Qu’elle n’ait pas été heu­reuse dans tous ses gestes, c’est pos­sible, mais il faut consi­dé­rer que son action a été ren­due dif­fi­cile par l’attitude de la Fédé­ra­tion, dont le sou­ci essen­tiel semble avoir été d’esquiver et de reje­ter sur la C.G.T. toutes les res­pon­sa­bi­li­tés assu­mées par elle.

Du côté des anciens diri­geants de la Fédé­ra­tion, cer­tains ont eu assez d’abnégation pour se mettre au ser­vice de l’action qu’ils avaient décon­seillée. D’autres, par contre, eurent un rôle moins brillant et se ven­gèrent de leur échec per­son­nel en por­tant sour­de­ment entrave à la grève.

Nous n’avons pas ici à condam­ner les ini­tia­teurs du mou­ve­ment. Si celui-ci échoue, ils seront suf­fi­sam­ment mau­dits et on leur repro­che­ra jusqu’à leur saine action. Leur faute n’en aura pas moins été grave d’avoir agi à la légère et en grande par­tie pour une satis­fac­tion personnelle.

Nous ne retra­ce­rons pas les péri­pé­ties de la grève. Obser­vons seule­ment que les che­mi­nots ont tenu d’une façon abso­lu­ment remar­quable et ines­pé­rée, la grève étant qua­si géné­rale dans les trois prin­ci­paux réseaux. Obser­vons encore que par­mi les cor­po­ra­tions lan­cées ensuite dans l’action, plu­sieurs, tels les mineurs et les ins­crits, ont répon­du d’une façon admi­rable ; que nombre de centres de pro­vince ont mar­ché avec une foi et une una­ni­mi­té magni­fiques ; que, par contre, Paris n’a pas répon­du aux espoirs que l’on avait fon­dé sur lui, et ce pour des rai­sons qu’il serait trop long d’examiner ici.

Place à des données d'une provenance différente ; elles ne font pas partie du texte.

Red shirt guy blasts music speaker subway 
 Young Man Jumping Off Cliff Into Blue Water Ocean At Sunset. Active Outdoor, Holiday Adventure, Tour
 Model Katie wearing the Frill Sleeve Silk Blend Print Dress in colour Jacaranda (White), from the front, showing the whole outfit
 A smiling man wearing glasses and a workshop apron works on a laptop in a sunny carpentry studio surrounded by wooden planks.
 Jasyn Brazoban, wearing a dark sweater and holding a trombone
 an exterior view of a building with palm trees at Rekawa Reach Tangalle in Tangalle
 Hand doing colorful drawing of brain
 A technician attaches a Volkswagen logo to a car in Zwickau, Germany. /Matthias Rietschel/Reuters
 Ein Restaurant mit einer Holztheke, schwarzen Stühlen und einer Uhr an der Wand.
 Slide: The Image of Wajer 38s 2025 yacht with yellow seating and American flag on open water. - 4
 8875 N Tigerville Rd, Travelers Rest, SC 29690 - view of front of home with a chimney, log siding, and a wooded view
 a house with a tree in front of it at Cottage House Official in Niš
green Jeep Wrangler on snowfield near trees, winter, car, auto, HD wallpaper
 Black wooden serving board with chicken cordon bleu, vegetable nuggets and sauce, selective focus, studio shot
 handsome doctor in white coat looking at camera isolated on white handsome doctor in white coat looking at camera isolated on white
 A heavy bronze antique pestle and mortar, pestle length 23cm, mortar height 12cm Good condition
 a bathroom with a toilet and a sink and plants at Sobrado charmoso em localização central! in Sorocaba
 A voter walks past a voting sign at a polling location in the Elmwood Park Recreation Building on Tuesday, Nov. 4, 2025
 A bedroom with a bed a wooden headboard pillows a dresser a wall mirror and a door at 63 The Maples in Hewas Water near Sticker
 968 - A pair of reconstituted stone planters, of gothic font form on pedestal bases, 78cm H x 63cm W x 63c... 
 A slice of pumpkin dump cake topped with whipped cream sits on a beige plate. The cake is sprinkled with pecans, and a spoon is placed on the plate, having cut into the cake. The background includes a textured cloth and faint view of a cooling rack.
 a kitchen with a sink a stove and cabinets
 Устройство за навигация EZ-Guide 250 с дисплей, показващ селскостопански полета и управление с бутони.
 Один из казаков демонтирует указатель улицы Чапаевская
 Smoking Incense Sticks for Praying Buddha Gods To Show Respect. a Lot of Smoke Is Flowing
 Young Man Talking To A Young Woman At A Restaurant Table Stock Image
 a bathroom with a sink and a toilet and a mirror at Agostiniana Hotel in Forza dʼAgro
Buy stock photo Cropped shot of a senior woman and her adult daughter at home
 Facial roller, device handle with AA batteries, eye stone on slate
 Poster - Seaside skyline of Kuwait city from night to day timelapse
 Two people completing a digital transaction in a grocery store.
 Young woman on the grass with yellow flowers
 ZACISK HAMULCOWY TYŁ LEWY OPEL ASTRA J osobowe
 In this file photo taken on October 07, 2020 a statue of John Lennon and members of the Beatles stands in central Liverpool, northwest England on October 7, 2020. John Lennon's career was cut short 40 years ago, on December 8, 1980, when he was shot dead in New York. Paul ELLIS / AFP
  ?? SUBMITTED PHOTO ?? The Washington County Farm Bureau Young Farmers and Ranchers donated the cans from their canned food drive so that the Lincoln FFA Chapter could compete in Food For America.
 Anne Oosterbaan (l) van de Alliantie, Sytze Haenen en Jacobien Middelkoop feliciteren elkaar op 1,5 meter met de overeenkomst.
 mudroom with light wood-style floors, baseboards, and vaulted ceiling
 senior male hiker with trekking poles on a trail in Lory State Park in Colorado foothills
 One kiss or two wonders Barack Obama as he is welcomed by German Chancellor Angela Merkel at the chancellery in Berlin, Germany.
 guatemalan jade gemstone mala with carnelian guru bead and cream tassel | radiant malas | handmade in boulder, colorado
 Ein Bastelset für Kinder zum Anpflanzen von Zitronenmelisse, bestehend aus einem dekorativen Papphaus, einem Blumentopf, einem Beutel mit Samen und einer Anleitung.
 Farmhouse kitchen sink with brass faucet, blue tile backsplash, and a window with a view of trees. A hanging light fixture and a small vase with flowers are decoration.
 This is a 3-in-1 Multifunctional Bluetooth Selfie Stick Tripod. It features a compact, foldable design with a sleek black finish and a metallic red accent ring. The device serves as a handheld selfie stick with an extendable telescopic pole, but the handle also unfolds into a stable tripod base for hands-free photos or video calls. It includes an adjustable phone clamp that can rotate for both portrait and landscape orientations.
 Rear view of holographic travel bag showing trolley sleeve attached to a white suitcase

Remar­quons, en outre, que rare­ment mou­ve­ment fut vic­time d’une si abo­mi­nable cam­pagne de men­songes de la part de la grande presse. Celle-ci est par­ve­nue, en par­tie grâce aux dis­po­si­tions spé­ciales prises par les Com­pa­gnies, à convaincre la popu­la­tion pari­sienne de l’inexistence vir­tuelle de la grève.

Au cours du conflit, le gou­ver­ne­ment Mil­le­rand s’est mon­tré, dans la plus pleine accep­tion du terme, le défen­seur des inté­rêts capi­ta­listes. Ne pre­nons pas trop au sérieux cepen­dant, sa menace de dis­so­lu­tion de la C.G.T., mesure exi­gée par la toute puis­sante réac­tion, mais contre laquelle — il le sait bien — un mil­lion et demi d’ouvriers se lève­ront comme un seul homme, le cas échéant. Que les gré­vistes éprouvent un échec, la vic­toire du patro­nat ne sera que momen­ta­née. Il connaî­tra bien­tôt l’étendue de sa défaite. La désor­ga­ni­sa­tion, l’état de pré­ca­ri­té des trans­ports, por­tés à leur comble, le dégoût du tra­vail engen­drant la sous-pro­duc­tion, for­ce­ront, plus tôt qu’ils ne le pensent, les pos­sé­dants à consen­tir à une véri­table réor­ga­ni­sa­tion des che­mins de fer.